Las estimaciones más recientes indican que entre 2004 y 2014 fueron abatidos 25.000 elefantes del bosque en Gabón, lo que representa el 80% de la población inicial. En toda África central, el número de elefantes de esta especie descendió un 62% entre 2002 y 2013, destacan los autores de este estudio.
Diversos grupos de expertos consideraban que la poblaciones de elefantes de selva africanos podían estar recuperándose de forma natural en las zonas más aisladas del continente africano, donde el acceso de los furtivos es más difícil. Los datos que se presentan ahora desmonta esta hipótesis y sitúa a esta especie en una situación de extrema vulnerabilidad.

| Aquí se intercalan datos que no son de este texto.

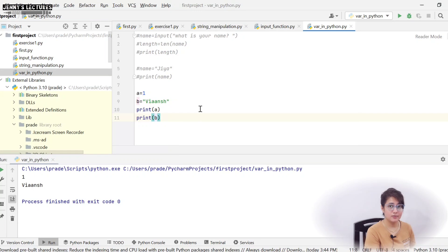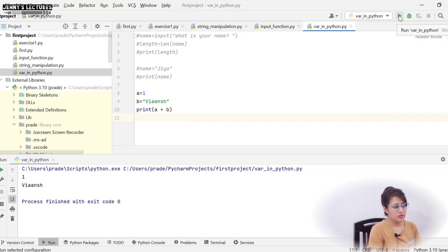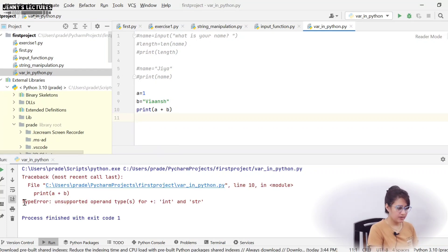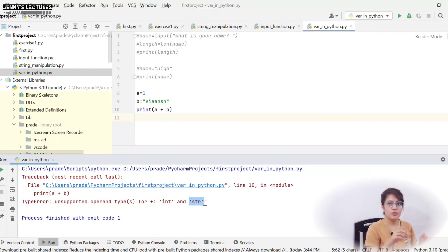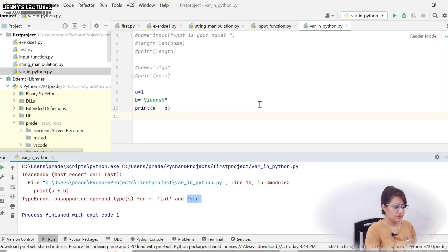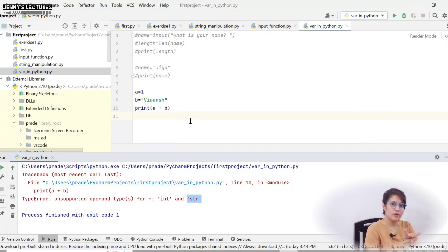Now if you try to concatenate a and b using print(a + b), it will give a TypeError: unsupported operand type(s) for +. One operand is int, the other is string, so you can't concatenate them. Note it's a TypeError, not a SyntaxError — the syntax is correct (something on left, something on right of +), but the types are incompatible. For concatenation using +, both operands should be strings.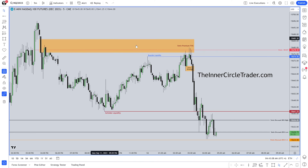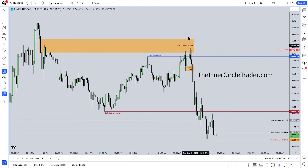The market does in fact trade up to the 15-minute timeframe bearish order block mean threshold — that red level here — and trades into the lower portion of this 5-minute premium fair value gap. We're blending a lot of different things here that builds a narrative. It's not just one fair value gap or one order block — it's a lot of things coming together, coalescing.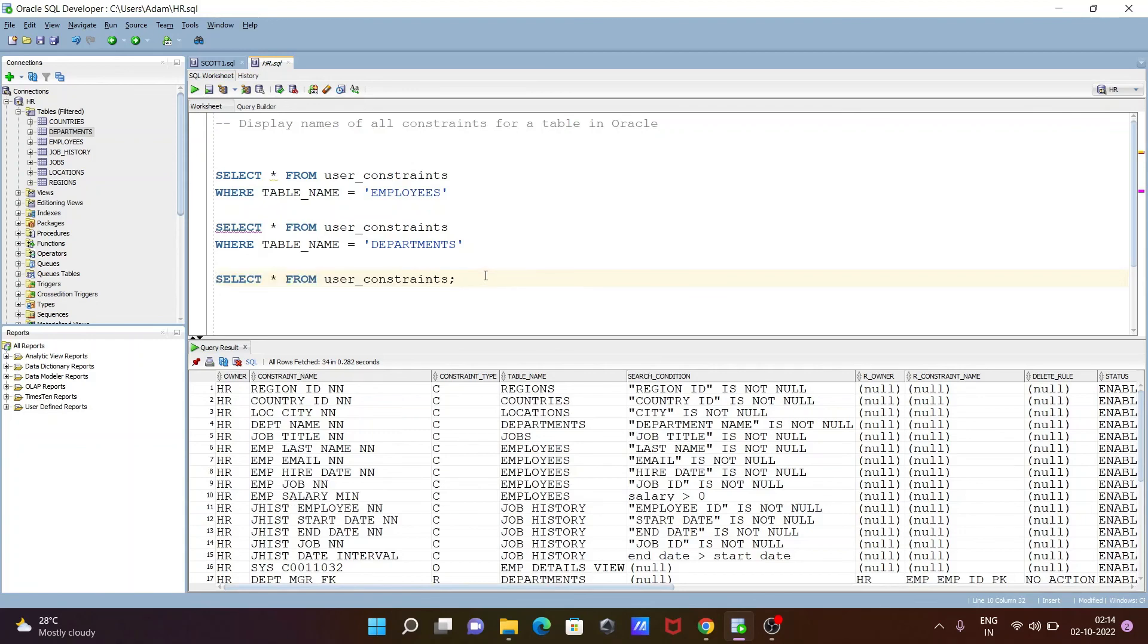This is how we can display all the constraints from Oracle tables. I hope this video is helpful for you. Now this video is over. Thanks for watching. See you next week. Thank you.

“La pérdida de elefantes es más grave de lo que pensábamos”, ha indicado Fiona Maisels, científica de conservación con la Sociedad de Conservación de Vida Silvestre en la ciudad de Nueva York y miembro del equipo que estudio en 2013. Ella no estuvo involucrada con el nuevo trabajo, del cual afirma estar basado en una encuesta “más intensa” dentro de una gran reserva y sus tierras de amortiguación. “Éste es uno de sus últimos baluartes”, agrega George Wittemyer, un conservacionista de elefantes de la Universidad Estatal de Colorado en Fort Collins, que no participó en el estudio. “Sus últimos bastiones se están erosionando ahora”.

Ningún lugar es seguro
”Ya no podemos asumir que las grandes y remotas áreas protegidas conservarán a las especies. Los furtivos se desplazarán a cualquier parte donde puedan obtener ganancias. El furtivismo transfronterizo es una gran amenaza para la protección de especies, y los esfuerzos bilaterales y multilaterales son esenciales para la conservación”, indica John Poulsen, investigador de la Universidad de Duke (EE.UU.) y coautor del estudio.
Los investigadores explican que no se sorprendieron al descubrir que el número de estos elefantes había disminuido. Pero sí se asombraron al ver la rapidez y la gran pérdida sufrida en tan sólo diez años.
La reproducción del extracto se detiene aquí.